Calciumoxalat ist eine Substanz, die hüllenförmige Kristalle bilden kann und im Urin mit einem sauren oder neutralen pH-Wert zu finden ist. Sie wird oft als normal angesehen, wenn bei der Urinanalyse keine anderen Veränderungen festgestellt werden und wenn keine damit verbundenen Anzeichen oder Symptome vorliegen. In diesem Fall kann dies mit einer verringerten Wasseraufnahme während des Tages oder einer kalzium- und oxalatreichen Ernährung zusammenhängen.
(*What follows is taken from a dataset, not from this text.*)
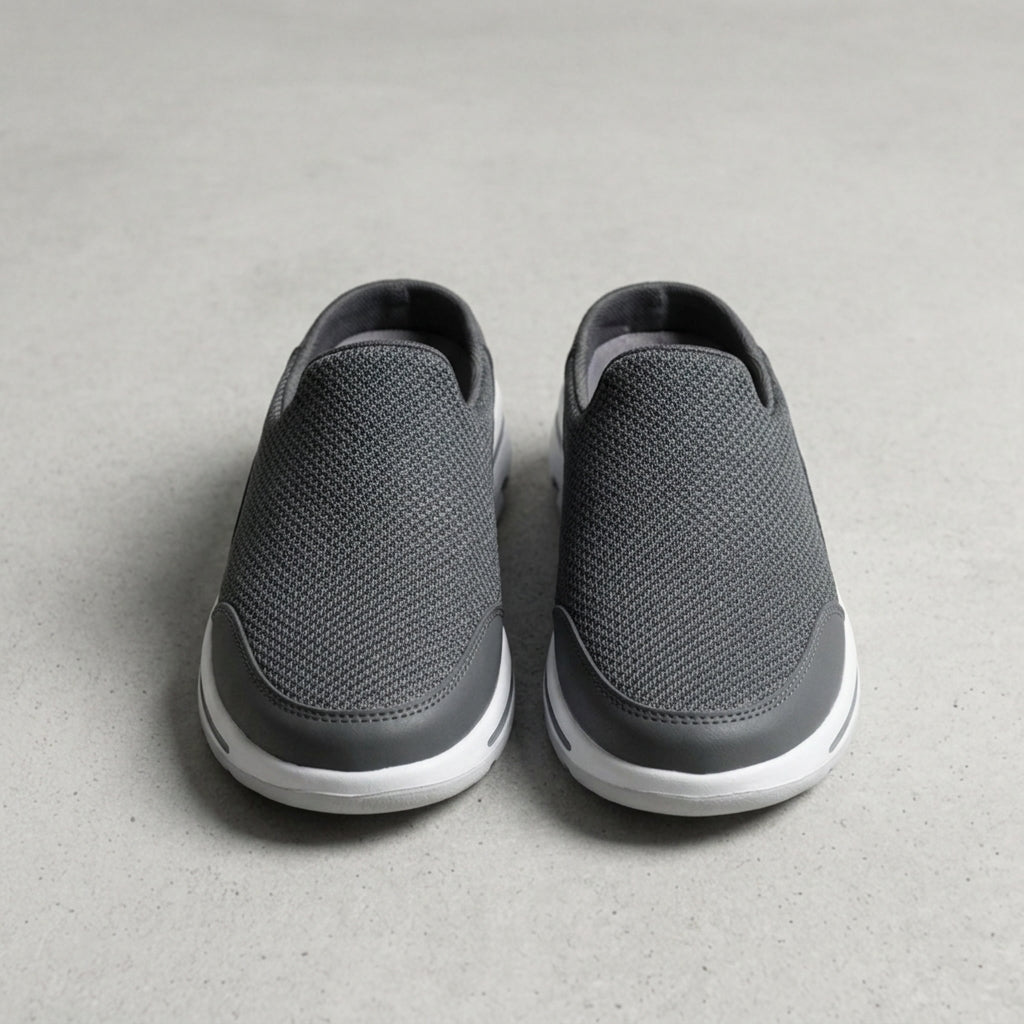 Bravienne Indoor Slippers - Men's Thick Sole Sliders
Wenn jedoch das Vorhandensein von Calciumoxalatkristallen mit Anzeichen und Symptomen wie Schmerzen und Brennen beim Wasserlassen, Schmerzen im unteren Rückenbereich und dunklerem Urin einhergeht, könnte dies beispielsweise ein Zeichen für Diabetes oder Nierensteine ​​sein.

Calciumoxalatkristalle werden durch einen Typ-1-Urintest, auch EAS genannt, identifiziert. Neben dem Calciumoxalat-Kristall können im Urin auch andere Kristalle nachgewiesen werden, wie zum Beispiel Dreifachphosphat-, Leucin- oder Harnsäurekristalle, deren Ursache ermittelt und behandelt werden muss. Erfahren Sie mehr über Kristalle im Urin.
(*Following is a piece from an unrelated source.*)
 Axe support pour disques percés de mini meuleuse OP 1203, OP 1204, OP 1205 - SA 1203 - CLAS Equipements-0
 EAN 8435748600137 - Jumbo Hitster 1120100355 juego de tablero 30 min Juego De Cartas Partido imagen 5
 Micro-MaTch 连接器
Die Hauptursachen für das Auftreten von Calciumoxalatkristallen im Urin sind:

1. Ernährungsumstellung

Einige Ernährungsumstellungen können die Bildung von Calciumoxalatkristallen begünstigen, insbesondere wenn große Mengen kalzium- und Vitamin-C-reicher Lebensmittel wie Tomaten, Spinat, Rhabarber, Knoblauch, Orangen und Spargel verzehrt werden.

Darüber hinaus kann eine geringe Wasseraufnahme während des Tages auch die Wahrscheinlichkeit der Kristallbildung im Urin erhöhen, da der Urin konzentrierter wird und es zu einer stärkeren Ausfällung von überschüssigem Kalzium kommt, wobei Kristalle bei der Urinanalyse festgestellt werden.

Was zu tun:Obwohl das Vorhandensein von Calciumoxalatkristallen im Urin keinen Anlass zur Sorge gibt, ist es wichtig, die Wasseraufnahme zu erhöhen und Ihre Ernährung unter Anleitung eines Ernährungsberaters anzupassen, da dies auch das Risiko der Bildung von Nierensteinen verringern kann.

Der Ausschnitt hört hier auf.